From the line that contains "2023 Maserati Ghibli Modena Q4" down to the last line of the data below, restate every line word for word, skipping any images.

- [AVAILABLE DATA]:
----

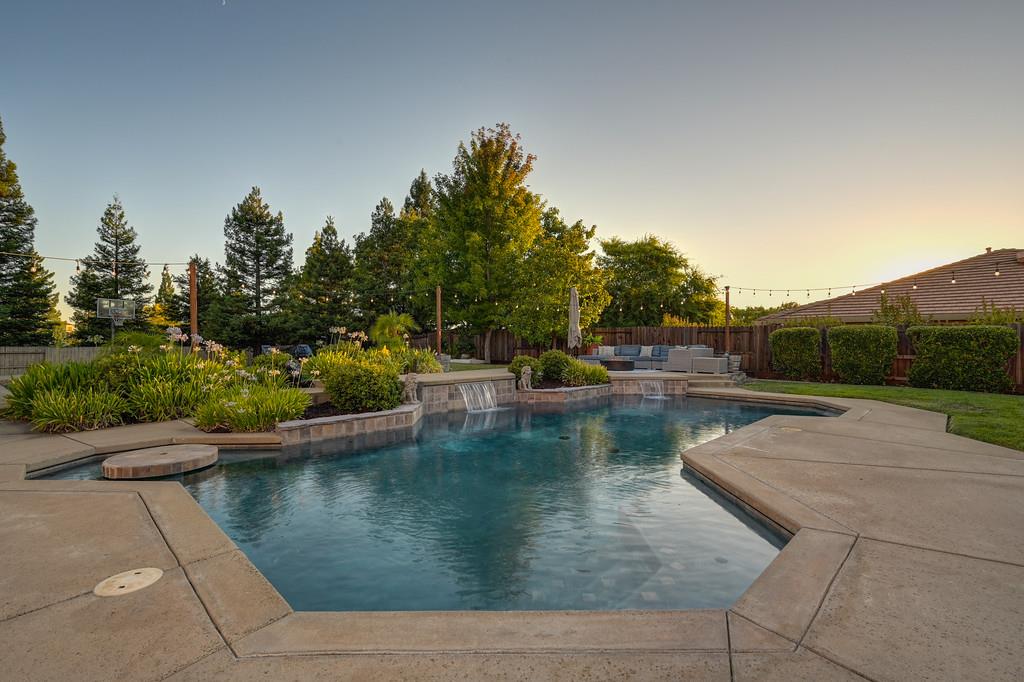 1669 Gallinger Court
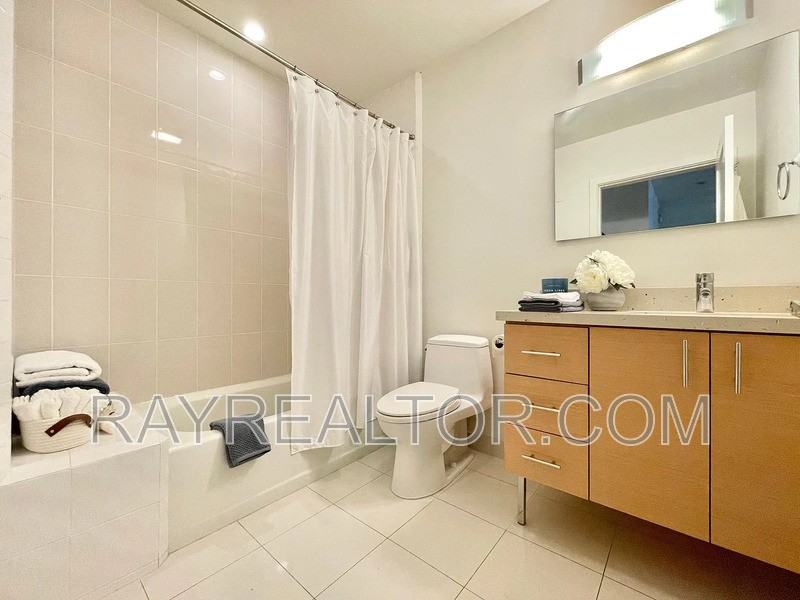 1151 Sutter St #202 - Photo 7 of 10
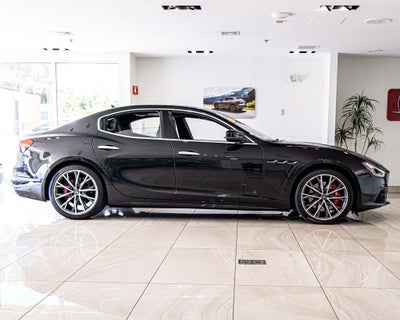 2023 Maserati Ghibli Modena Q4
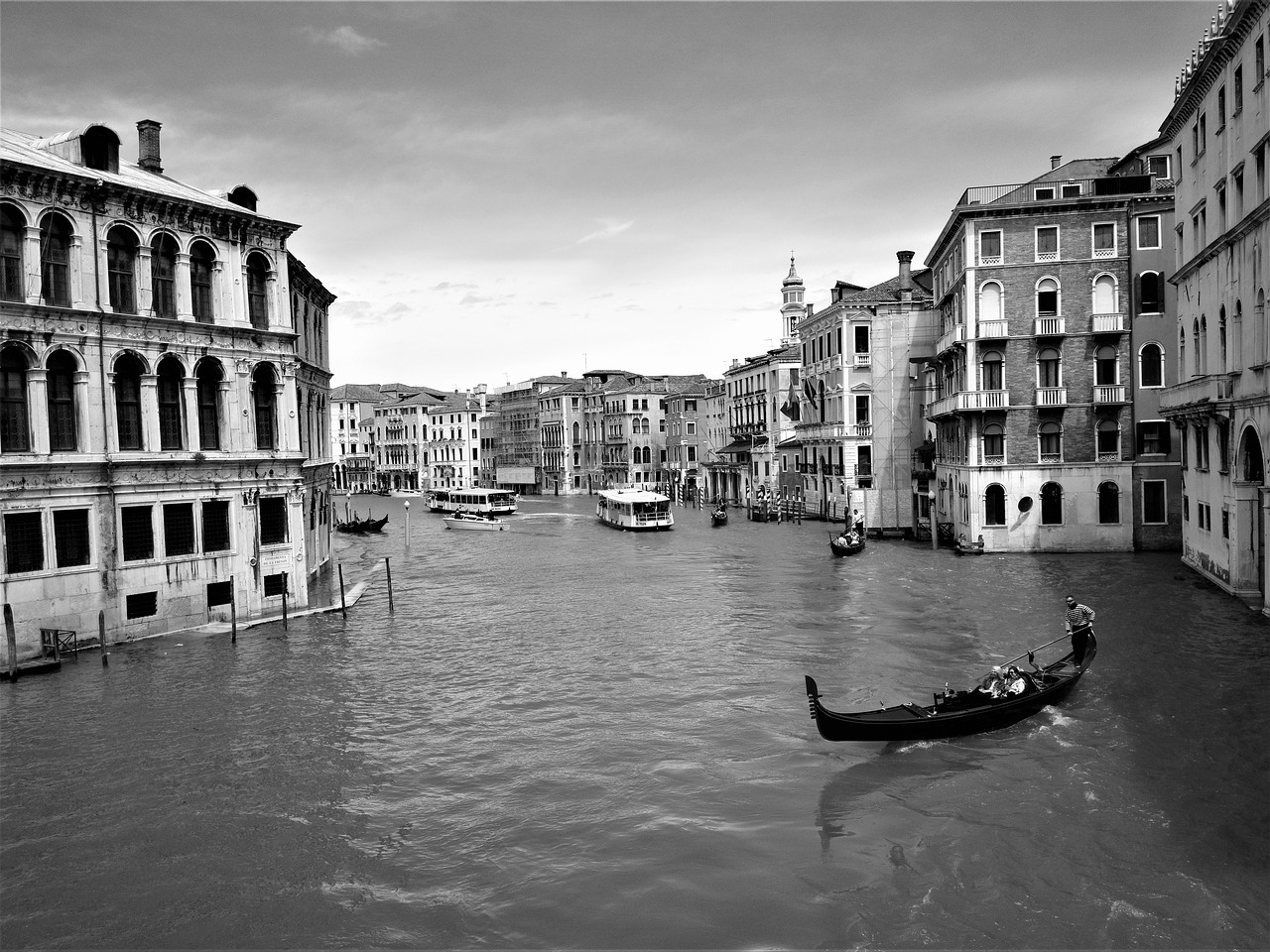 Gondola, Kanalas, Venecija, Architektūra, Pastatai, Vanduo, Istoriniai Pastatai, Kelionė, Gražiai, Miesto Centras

----

- [RESPONSE]:
 2023 Maserati Ghibli Modena Q4
 Gondola, Kanalas, Venecija, Architektūra, Pastatai, Vanduo, Istoriniai Pastatai, Kelionė, Gražiai, Miesto Centras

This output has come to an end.